Detective Superintendent Trish Pharaoh sits for a moment in the driver’s seat of her sports car. Feels hot tears pricking at her eyes. She can’t decide whether she wants to run after her eldest daughter and slap her until she’s purple, or go and gorge herself on medicinal red wine and Maltesers.

Pharaoh sniffs. Sucks at her cheeks for a moment. Flips down the rear-view mirror and winces.

Fat bitch, fat bitch, fat bitch 
. . .

She’s forty-six. Dark-haired and curvy. 5 foot 4 inches when she takes her biker boots off. The darkness under her eyes looks like bruising and there is a fine spray of burst capillaries across her cheeks. She’s tried to tie her hair back but wispy strands have escaped from the ponytail and are curling up like tiny snakes around a forehead that looks like it has been grooved using a pizza-cutter. There is red in the cracks in her lips. Her eyebrows need plucking. She smells of tobacco and roll-on deodorant, of the clothes she slept in and which she has no intention of taking off today.

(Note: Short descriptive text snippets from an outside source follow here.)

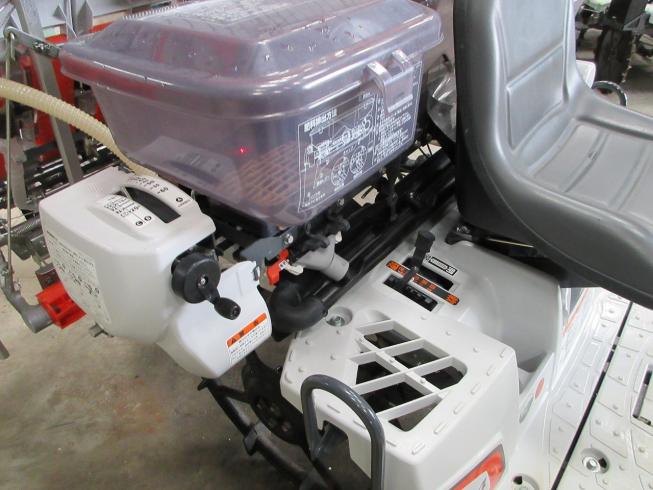 田植機  AW4-GF 写真９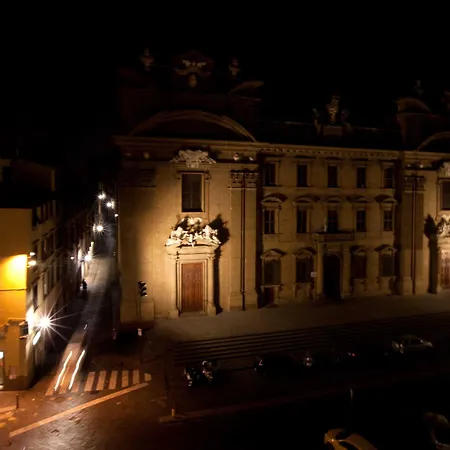 San & 4* Флоренция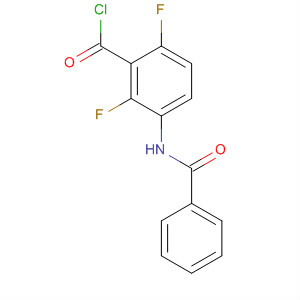 917923-96-7  Benzoyl chloride, 3-(benzoylamino)-2,6-difluoro-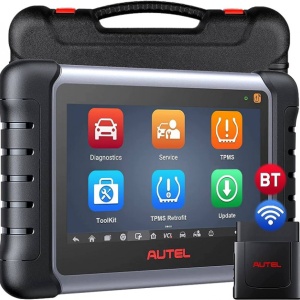 Noul Autel MaxiPRO MP808S-TS cu Tableta 4/64GB Tester Diagnoza auto Profesional original - Update ONLINE 2 ANI, TPMS/EOBD/OBFCM ACTIV - Img 3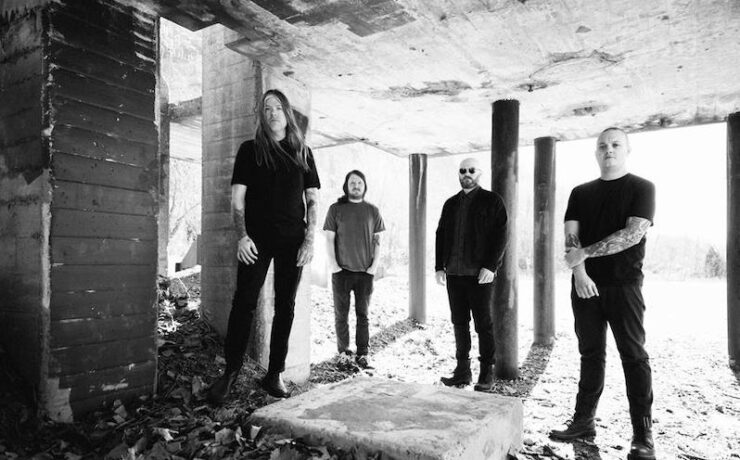 Pallbearer tour dates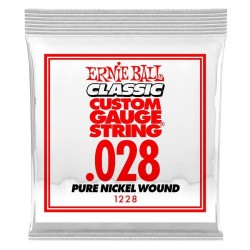 Ernie Ball 1228 028 Pure Nickel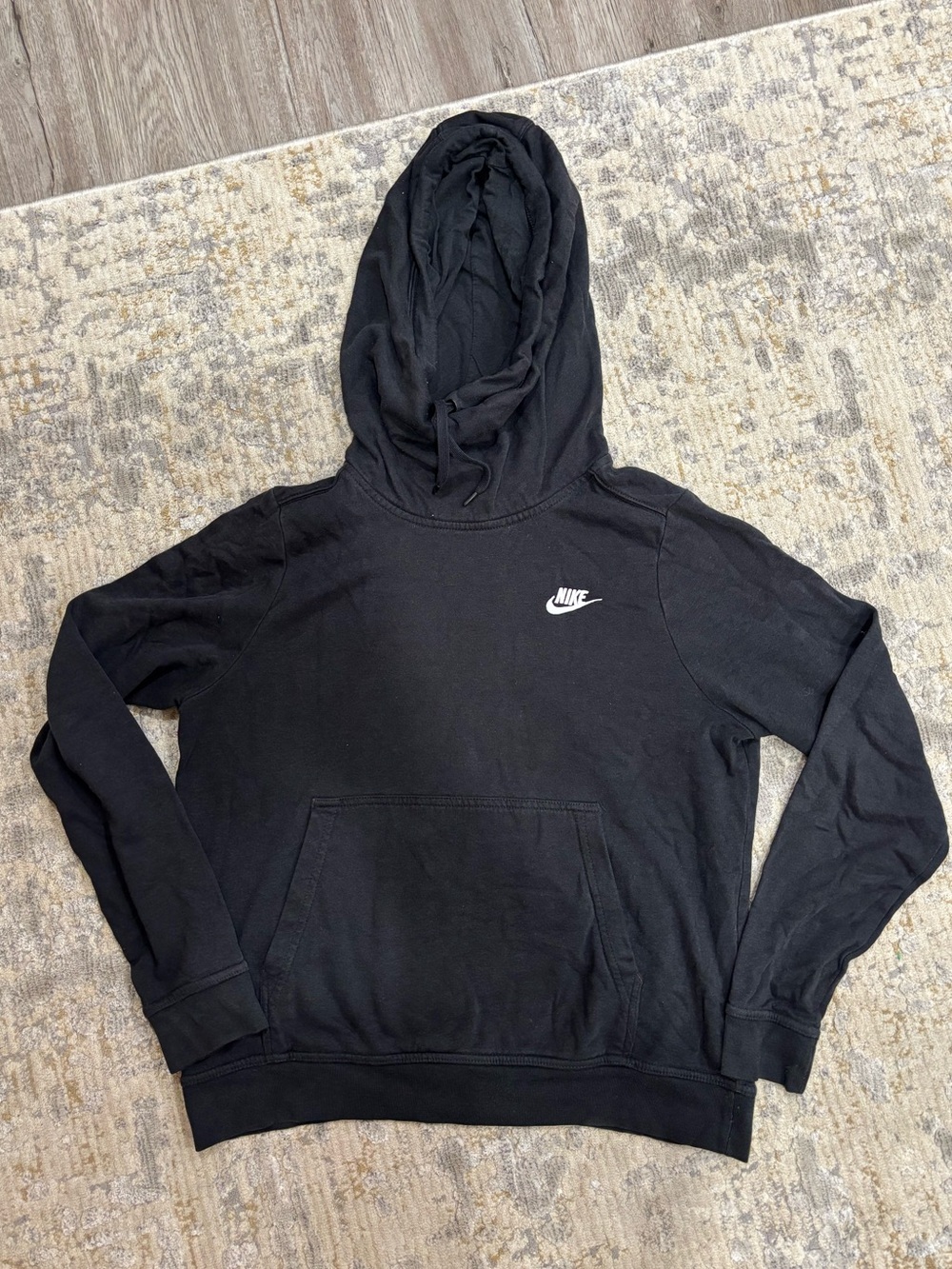 Nike Black Hoodie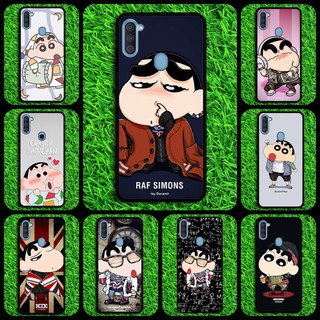 เคส  เคสโทรศัพท์  เคสมือถือ การ์ตูน ชินจัง Samsung J2 2015 , J2 pro , Grand prime J2 Prime , Grand2 , A21s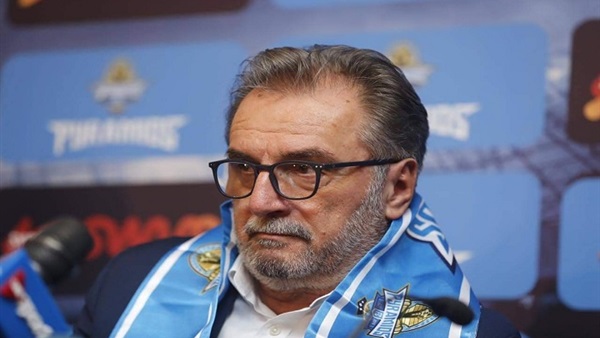 المدرب تشاتشيتش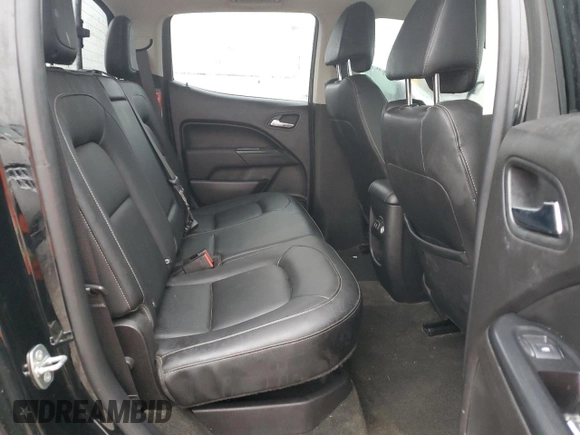 2018 Chevrolet Colorado 4WD ZR2 with VIN 1GCGTEEN2J1201465, listed as a Copart auction lot 41972705 with 0 mi miles and Salvage Title. Bid and sale history available at carsss.com. Image 11.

Pharaoh hates her reflection so intensely that she’s tempted to rip the mirror off and smash it. She resists. Can’t afford to have it repaired.

Slowly, she steps out of the vehicle and into the warm spring evening. There’s a twinge in the back of her left leg and the base of her spine. She turns to look at the car as she closes the door and sees herself staring back in the darkened glass. Sees the full effect. She wishes she’d put a bra on, that she were wearing something slimming, instead of the jogging pants and man’s shirt that she woke up in. Wishes she’d brushed her teeth or eaten a mint before she turned up at the big house near the airport and grabbed her eldest daughter by the hair. Trish could have played the thing a little more deftly. Could have been the cool mum she used to be, giving her little girl a wink as she waited for her to pack her things and disentangle herself from the sleeping bags and beer cans and pizza boxes. Could have told her she’d known all along that she wasn’t staying at her friend’s house and had in fact gone to a party with older boys. But she didn’t. She went in all guns blazing, stinking of last night’s booze, demanding to know if any of the slumbering lads had put their hands on her child. She might even have flashed her warrant card. She made damn sure she stepped on the bare thigh of some tattooed halfwit who dared to look up from the floor and tell her to chill. More than anything, she could have waited until she got into the car before screaming at Sophia that she was a dirty little scrubber who was going to be Aids tested as soon as the surgery opened in the morning.